Now that Lizabeth Cohen's new book has been published we can see that those reasons were misguided. This is a thoroughly documented book that is unusually scrupulous in the attention that it pays to problems of class, gender and race. Cohen starts in the thirties, looking at consumer movements and boycotts, and at two differing ideas of the consumer. One is the "citizen consumer," who is the hero of the book, the consumer who protects his (and very often her) rights and does not placidly accept what businesses deign to give them. The other, more prominent, consumer is the Consumer as Purchaser, the Keynesian consumer who stimulates the economy by his purchases. We then go to the war, and see how the government sought to limit price increases with the help of citizen cooperation. We learn about the many female volunteers, while we also learn that African-Americans, who most needed it, got the least help and the least employment with the OPA. Then we go to the postwar world where, despite popular support, Congress abolishes the OPA. Meanwhile the new consensus, the GI Bill, and the boom of suburbia promise a brave new world of abundance for all, or almost all.

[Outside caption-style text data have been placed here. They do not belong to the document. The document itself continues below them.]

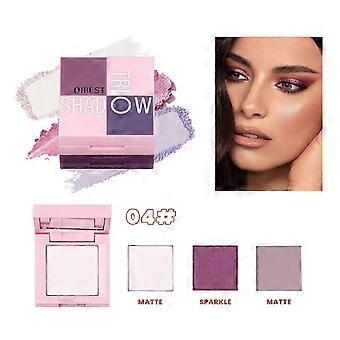 3-in-1 Eye Shadow Box, Nude Colors Eyeshadow Palette Natural Nude Matte,Professional Beauty Makeup,Non Flying Powder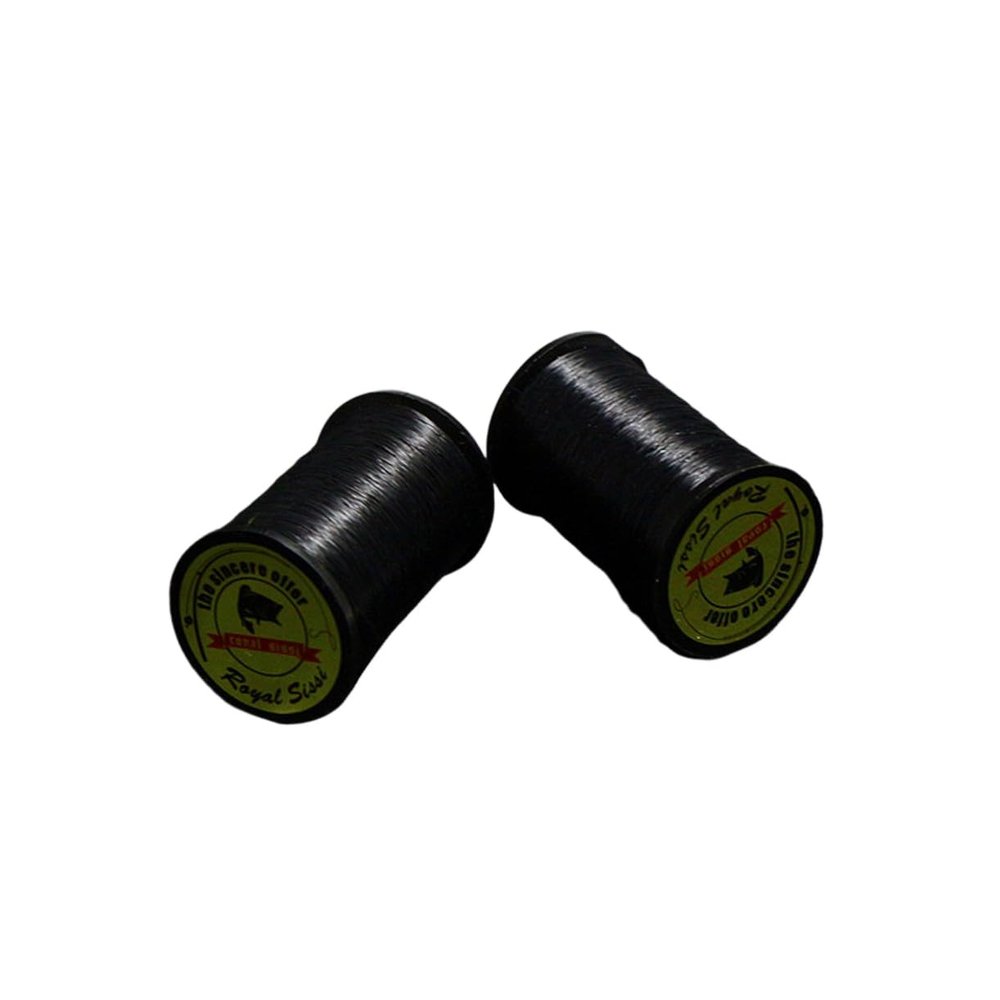 YJIUYUANQ Fly Tying Thread polyethylene Thread Transparent Tying Thread monofilament Translucent Tying Thread for Bonefish Scud Ribbing Fly Patterns - Black Color,2pcs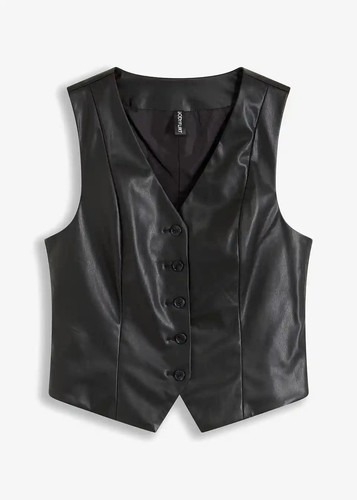 Weste schwarz damen - schwarz,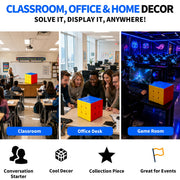Giant Magic Cube 3x3, 18CM Extra Large Stickerless Puzzle Cube for All Ages | Stress Relief Educational Toy, Collectible Cube, Novelty Birthday Christmas Gift for Kids, Teens & Adults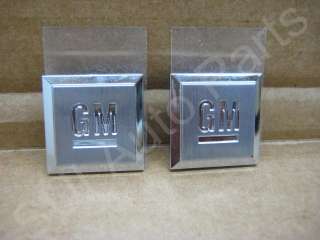   Mark Emblems Badge GM Logo Decal OEM GM (C33 3z)(Qty 2)  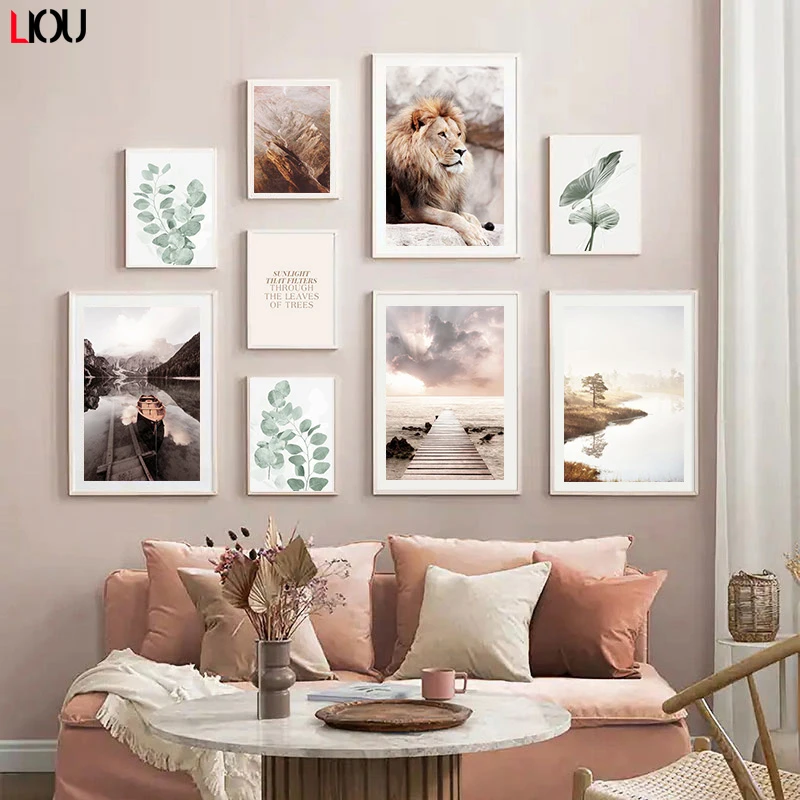 Женская эстетика богемный закат деревянная искусственная печать природный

Although women unions and minorities have used consumption and consumer's rights movement to express their grievances, one of Cohen's major themes is how the consumer's republic failed to break down the hierarchies of society and indeed reinforced them. Race was the most obvious failure. Although it has been told before, it is still shocking to learn that black soldiers in the Second World War were excluded from stores and restaurants that German Prisoners of War could freely enter. Cohen also reminds us that shabby treatment of Afro-American soldiers was not merely confined to the South, but to the whole country, including in the West where they were previously non-existent. This takes us to New Jersey, Cohen's native state. Although it had public accommodation laws dating back to the 19th century, storeowners often excluded black customers. Indeed, during the Depression both the Salvation Army and the Red Cross would refuse to help African-Americans in some places. In what is the tour de force of the book Cohen, based on massive amounts of evidence, discusses the struggles in New Jersey for successful civil rights legislation, and the racial segregation and outright exclusionism of the suburbs (encouraged by consumer prejudice, business practice and federal guidelines). We learn about New Jersey's selfish politics of localism, how school funding is based on inequitable local taxation, and of the difficult fights to ensure adequate funding for all.

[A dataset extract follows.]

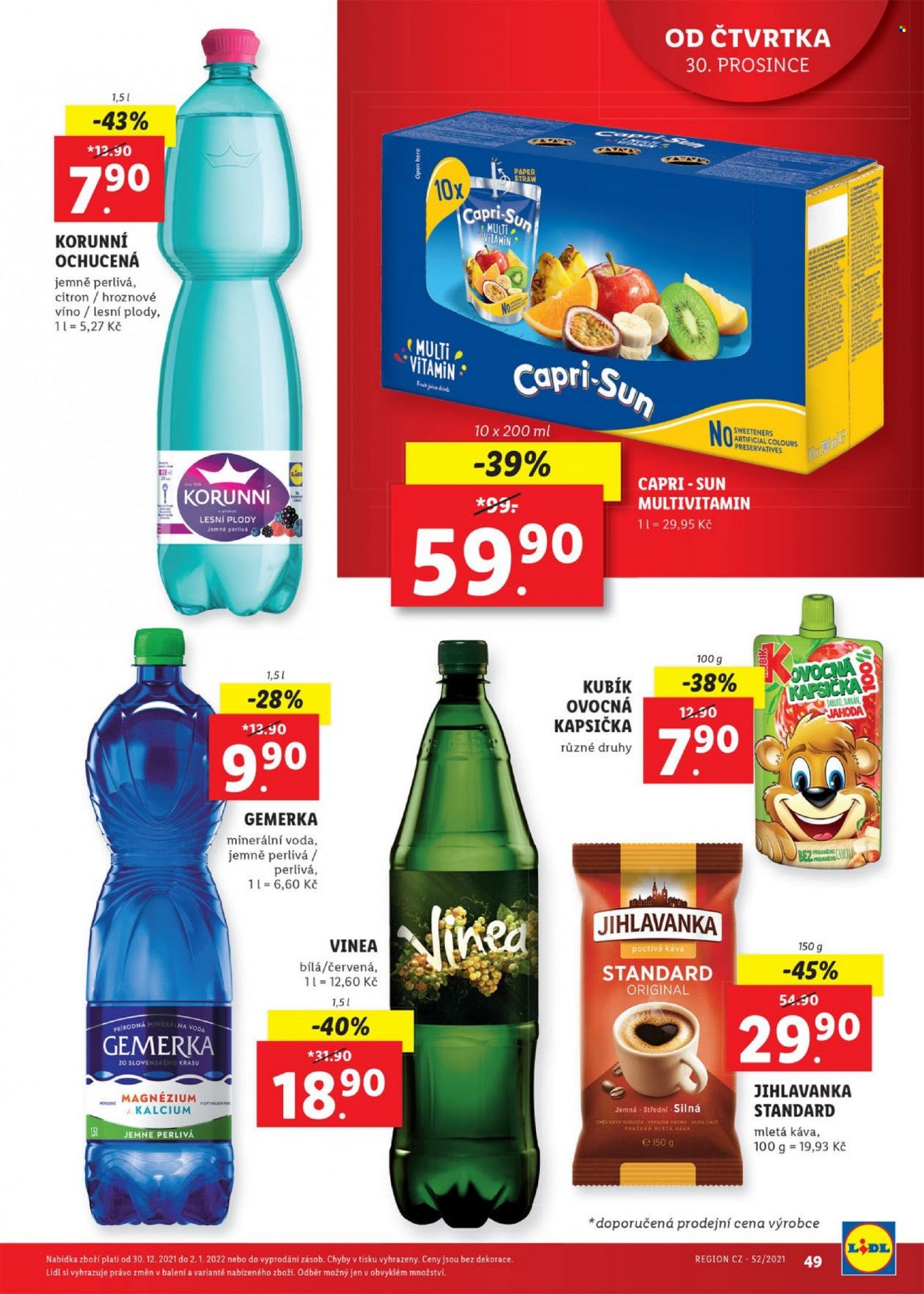 Leták Lidl - 27.12.2021 - 2.1.2022. Strana 49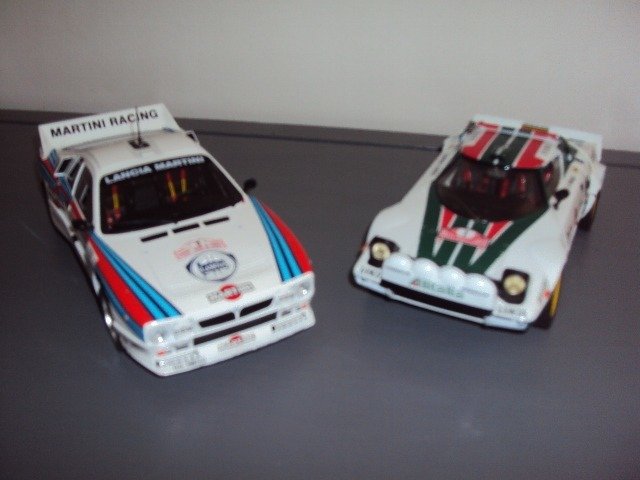 IXO et Solido - 1:18 - Lancia 037  # 6  Team Martini / Lancia Stratos # 1 Monte Carlo 1977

Especially helpful is Cohen's description of the limited effect of the GI Bill. Most of its students would have gone to university anyway. The poor found that its educational benefits wouldn't be of much help to those who hadn't graduated from high school or who were looking for vocational education. Women and African-Americans faced further hurdles in trying to invoke the GI Bill. They faced outright discrimination, blacks couldn't easily enter the traditional veteran's leagues, and one popular one they did enter was red-baited to death. Both groups had second-rate status in the army, and African-Americans were given much more dishonourable discharges for criticizing their mistreatment. Women, for their part, had trouble getting credit cards, and when working women applied with their husbands for a Veteran's Administration Loan, the wife would have to promise she was either infertile or would get an abortion if she became pregnant. Women also had to step aside for returning veterans so that their proportion in one city university fell from 20% in 1940 to 14% in 1947. Meanwhile, the working class did not vanish in a wash of affluence. They kept their identity, which was enforced by a certain class segregation in suburbia.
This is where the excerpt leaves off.